__Problem statement__
Where the records below show a line containing "Za wysokie ceny", start copying; end with the line containing "used 2015 Nissan", and copy it too.

__Working data__
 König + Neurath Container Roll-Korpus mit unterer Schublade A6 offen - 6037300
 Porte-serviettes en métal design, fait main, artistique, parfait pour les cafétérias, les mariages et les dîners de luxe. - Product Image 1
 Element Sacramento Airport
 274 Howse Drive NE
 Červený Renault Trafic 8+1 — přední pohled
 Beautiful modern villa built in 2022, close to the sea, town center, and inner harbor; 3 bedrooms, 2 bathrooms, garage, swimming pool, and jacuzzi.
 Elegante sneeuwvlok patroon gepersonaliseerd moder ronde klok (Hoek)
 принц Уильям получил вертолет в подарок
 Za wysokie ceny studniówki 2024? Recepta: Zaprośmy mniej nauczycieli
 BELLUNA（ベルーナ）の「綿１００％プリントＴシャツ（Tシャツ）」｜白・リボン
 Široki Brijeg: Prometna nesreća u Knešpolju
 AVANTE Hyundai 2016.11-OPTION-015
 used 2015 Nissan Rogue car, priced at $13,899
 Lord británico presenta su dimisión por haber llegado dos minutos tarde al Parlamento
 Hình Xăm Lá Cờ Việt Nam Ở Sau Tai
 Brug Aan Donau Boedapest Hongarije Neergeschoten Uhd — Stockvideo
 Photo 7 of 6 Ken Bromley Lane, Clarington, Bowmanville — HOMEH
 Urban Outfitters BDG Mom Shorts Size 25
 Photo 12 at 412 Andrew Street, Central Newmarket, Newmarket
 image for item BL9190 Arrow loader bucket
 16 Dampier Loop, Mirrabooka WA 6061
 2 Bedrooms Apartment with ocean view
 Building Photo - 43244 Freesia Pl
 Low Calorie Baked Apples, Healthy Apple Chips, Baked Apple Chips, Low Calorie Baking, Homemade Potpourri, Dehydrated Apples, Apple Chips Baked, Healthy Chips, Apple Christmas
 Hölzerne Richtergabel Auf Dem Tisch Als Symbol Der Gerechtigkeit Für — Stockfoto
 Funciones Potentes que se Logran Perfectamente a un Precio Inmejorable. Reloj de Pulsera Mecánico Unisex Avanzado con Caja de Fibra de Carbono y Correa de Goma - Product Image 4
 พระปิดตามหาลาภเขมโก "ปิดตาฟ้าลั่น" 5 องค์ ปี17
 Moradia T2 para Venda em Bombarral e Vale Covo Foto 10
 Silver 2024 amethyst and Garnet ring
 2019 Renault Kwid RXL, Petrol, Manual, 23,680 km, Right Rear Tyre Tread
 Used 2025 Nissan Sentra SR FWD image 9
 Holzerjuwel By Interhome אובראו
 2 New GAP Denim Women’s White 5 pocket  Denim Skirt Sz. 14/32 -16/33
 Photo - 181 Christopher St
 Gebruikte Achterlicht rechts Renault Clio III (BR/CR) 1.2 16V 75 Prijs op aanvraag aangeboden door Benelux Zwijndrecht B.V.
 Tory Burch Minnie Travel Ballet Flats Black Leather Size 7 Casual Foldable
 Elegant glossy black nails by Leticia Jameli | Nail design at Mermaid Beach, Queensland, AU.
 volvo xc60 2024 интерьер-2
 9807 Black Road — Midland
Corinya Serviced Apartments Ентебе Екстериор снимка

__Answer to the exercise__
 Za wysokie ceny studniówki 2024? Recepta: Zaprośmy mniej nauczycieli
 BELLUNA（ベルーナ）の「綿１００％プリントＴシャツ（Tシャツ）」｜白・リボン
 Široki Brijeg: Prometna nesreća u Knešpolju
 AVANTE Hyundai 2016.11-OPTION-015
 used 2015 Nissan Rogue car, priced at $13,899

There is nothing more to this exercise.